Middleware & Policy
The component-based authorization documented in Authorization Setup covers most apps. For middleware-based authorization (or routes that bypass controllers entirely), TinyAuth ships its own middleware and policy.
RequestAuthorizationMiddleware
A drop-in replacement for Authorization\Middleware\RequestAuthorizationMiddleware that applies the TinyAuth allow / ACL rules instead of policies. Works with any controller / route (no per-controller wiring needed).
Order matters: add this AFTER
AuthorizationMiddleware,AuthenticationMiddleware, andRoutingMiddleware.
Wiring
use TinyAuth\Middleware\RequestAuthorizationMiddleware;
// in Application::middleware()
$middlewareQueue
->add(new \Authentication\Middleware\AuthenticationMiddleware($this))
->add(new \Authorization\Middleware\AuthorizationMiddleware($this))

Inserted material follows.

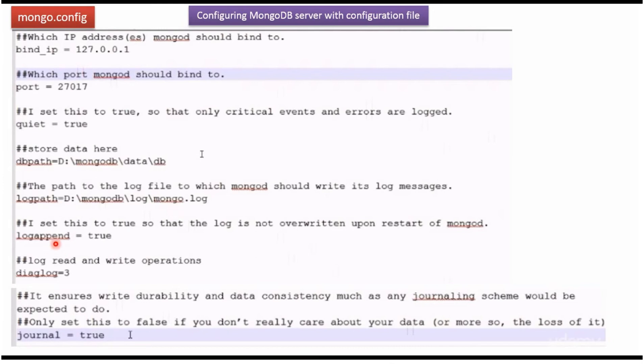The next one is logappend. If it is true, the log is not overwritten upon restart of mongod. The logs will be appended.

->add(new RequestAuthorizationMiddleware([
'identityAttribute' => 'identity',
'method' => 'access',
'unauthorizedHandler' => 'TinyAuth.ForbiddenCakeRedirect',
]));Config keys
| Key | Default | What it does |
|---|---|---|
identityAttribute | inherits parent | Request attribute name that holds the authenticated identity. |
method | inherits parent | Policy method invoked to check access (defaults to the parent middleware's). |
unauthorizedHandler | inherits parent | Handler used when authorization fails. Use TinyAuth's two flavors below. |
The middleware picks up TinyAuth's full Configure block (Configure::read('TinyAuth')) automatically — no need to repeat keys here.
RequestPolicy
Used internally by RequestAuthorizationMiddleware to evaluate the allow / ACL rules against the current request. You generally don't instantiate it directly, but if you wire Authorization\Middleware\RequestAuthorizationMiddleware yourself (instead of TinyAuth's subclass), point its RequestAuthorizationMiddleware at TinyAuth's policy:
use Authorization\Policy\MapResolver;
use Cake\Http\ServerRequest;
use TinyAuth\Policy\RequestPolicy;
$resolver = new MapResolver();
$resolver->map(ServerRequest::class, RequestPolicy::class);RequestPolicy::canAccess(?IdentityInterface $identity, ServerRequest $request): bool returns true if the current user (or guest) may access the route.
Unauthorized handlers
When authorization fails, the middleware throws Authorization\Exception\ForbiddenException. TinyAuth ships two handlers for converting that into a redirect.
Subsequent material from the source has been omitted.